Education Desk: When Working Adults Pursue A Diploma
The Hamilton Holt School at Rollins College offers undergraduate and graduate degrees for working adults through evening classes.
Last month, 294 graduates received their diploma.
From our Education Desk, 90.7’s Catherine Welch talked with the Holt School’s Director of Student and Faculty engagement Erik Kenyon about the challenges these students overcome while pursuing their degree.
Erik Kenyon: The difference between teaching adults and teaching of traditional residential students is just that adults don’t have as much time so everything has to be really clean.
Catherine Welch: What challenges do nontraditional students face as they pursue their degrees at Rollins?
Kenyon: I think a lot of it comes down to logistics. So last term, for instance, Hurricane Irma came through and a lot of the residential students just popped on planes went home for a week, had this nice little vacation towards the beginning of term. Our Holt students all had to go batten down the hatches and then deal with trees in their garages, and assignments just have to come second in times like that. We got through it, assignment deadlines all kind of became suggestions, but it is what it is.

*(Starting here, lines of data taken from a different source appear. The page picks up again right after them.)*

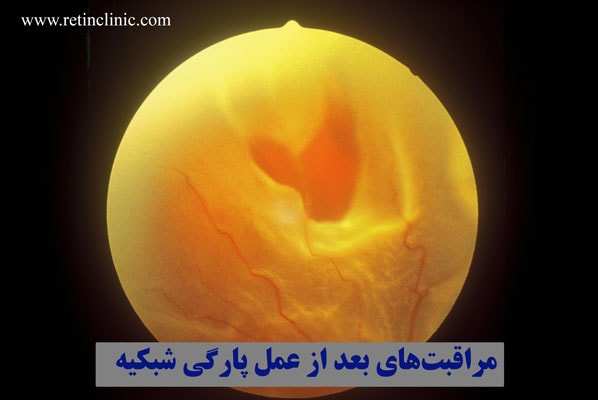 مراقبتهای بعد از عمل پارگی شبکیه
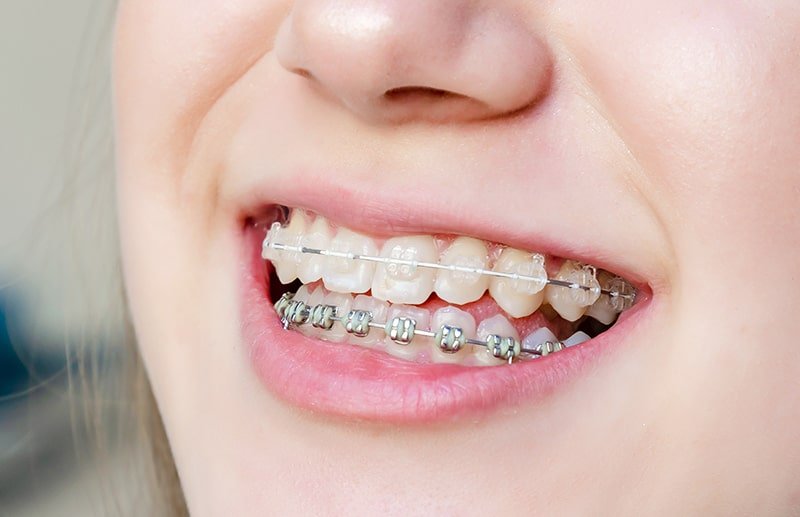First-Class Invisalign Services in Toronto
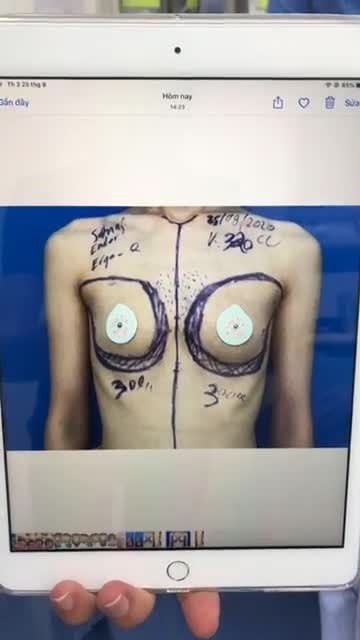 Kết quả ngay sau khi Nâng ngực kết hợp với Cấy mỡ tại Bệnh viện thẩm mỹ Kangnam.Xem ngay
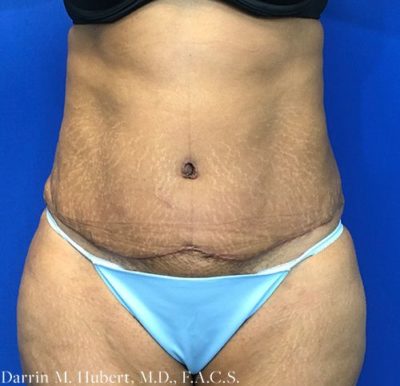 Tummy tuck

Welch: Outside of natural disasters, are there challenges with technology and schedules with people who maybe have families or full time jobs?
Kenyon: As far as I can tell hardly any of our students actually live in Winter Park. So most of them are working full time, a lot of them have families, and then there’s I-4, which has clearly been designed by Satan. Getting around is a real issue.
I also find that as a result they’re much more organized. If anything I’ve got students this summer who keep doing assignments ahead of time, and I keep having to tell them to stop that because they’re not ready to do it yet. So it’s a very different approach than the sort of 20-year-old the night before that you sometimes find.
Welch: Is there a student whose story sticks with you? We talked about challenges of a full-time job, families – and as you say work ahead sometimes. Is there a student whose story sticks with you because they showed that perseverance?
Kenyon: I have one student who was absolutely brilliant, she easily could have been teaching the class. Then towards the end of term she asked for a letter of reference because she was applying to law school. We sat down and I was helping her write her own application letter, and that’s when I found out that she’s already failed out of three other programs because she has addiction problems. Once she got here she had things together, nearly straight 4.0. We dealt with that in the letters, we were very honest about it, and now she’s in law school.
Welch: That must be so inspiring to you.
Kenyon: We don’t have a valedictorian we have an “outstanding graduating senior.” This last year’s (senior) gave this fantastic speech about all these things that she’s been dealing with. And then at the end she said ‘but everybody here has a story like that, we are all outstanding graduating seniors.’ There wasn’t a dry eye in the place just because it was so true.
(Most) of the students have tried college once, twice, three times before, and something got in the way. They ran out of money, they had a kid, their addiction problems, they joined the army. A few of our students are actually refugees, so it’s a very broad range.
Welch: Do you get a sense that there’s a deeper appreciation for that diploma from these nontraditional students who graduate from Rollins?
Kenyon: I’ve noticed with the two different graduations the Holt graduation tends to be rowdy. I mean just these people cheering, and shouting, and crying, and it’s this huge life accomplishment.
While it’s difficult to generalize about Holt students, just because they are so diverse, there’s a good number of them who do have kids. (They) have decided: my job’s fine but I want to set an example for my children to show them that they can go to college. So I am going to go to college, and I’m going be the first person in my family, but I’m doing it for my kids.